DSEI 2023: UK MoD highlights Royal Navy crewed and uncrewed capability developments in delivering faster operational output

A Puma uncrewed air system
A Puma uncrewed air system sits on the flight deck of the RN Type 23 frigate HMS Lancaster. The UK is seeking to accelerate delivery of uncrewed systems to frontline operators.

Crewed and uncrewed system programmes will both play crucial roles in delivering new operational capability for the UK Royal Navy (RN) increasingly quickly, Minister for Defence Procurement (MinDP) James Cartlidge told the Defence and Security Equipment International (DSEI) 2023 exhibition at ExCel London on 12 September.

Opening the event and giving the keynote address, MinDP highlighted key capability and programme developments that will bring new and improved operational outputs for the RN in both crewed and uncrewed contexts. He also discussed how the UK is adapting its acquisition approaches within such programmes to enable more rapid delivery of capability to the operator.

A primary RN crewed platform going forward will be the five Type 31 Inspiration-class general-purpose frigates. The first two are in build at the Babcock shipyard in Rosyth, Scotland, with construction work across the class due for completion by 2028 and all five due in service by 2030.

As regards developing future capability, said Cartlidge, “We’ve … realised that we don’t have time to hold out for the 100 percent solution. Eighty percent is often ‘good enough’ – especially when you can ‘spirally’ develop that capability to meet changing circumstances.” Here, he added, Type 31 is a positive experience of demonstrating the acquisition of modular platforms that can be rapidly upgraded.

As regards uncrewed capability, Cartlidge also underlined the benefits of seeking an 80 percent solution that can deliver operational impact more quickly. “That’s why I am happy to announce at DSEI today that we will be bringing forward an Uncrewed Systems Strategy in the coming months,” he revealed. “It’s hugely important. It will help accelerate UK armed forces’ access to uncrewed systems and rapidly equipping them with innovative technology across air, sea, and land.”

The operational requirement to accelerate development of new capabilities like uncrewed systems is being demonstrated in contemporary security crises, like the Russo-Ukraine conflict.
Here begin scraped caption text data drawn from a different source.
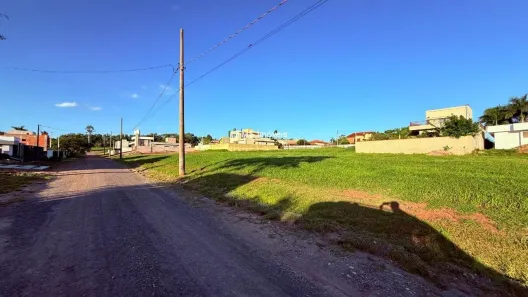 Lote/Terreno à venda, 1350m² no Ninho Verde I Eco Residence, Porangaba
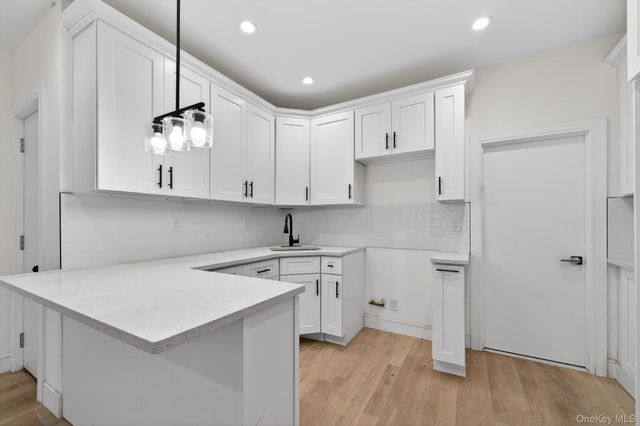 11405 Inwood Street, Jamaica, NY 11436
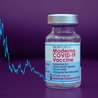 Hésitations Vaccinales: Observatoire HESIVAXs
Such examples underline the need to deliver new capability at pace, Cartlidge explained. “If you doubted the rapid transformation we’re seeing on the battlefield, you only need to look at the way the Ukrainians are deploying drones and uncrewed systems to target and destroy the enemy,” he added. “By contrast, our acquisition programmes were simply not keeping pace with the changes on the ground.”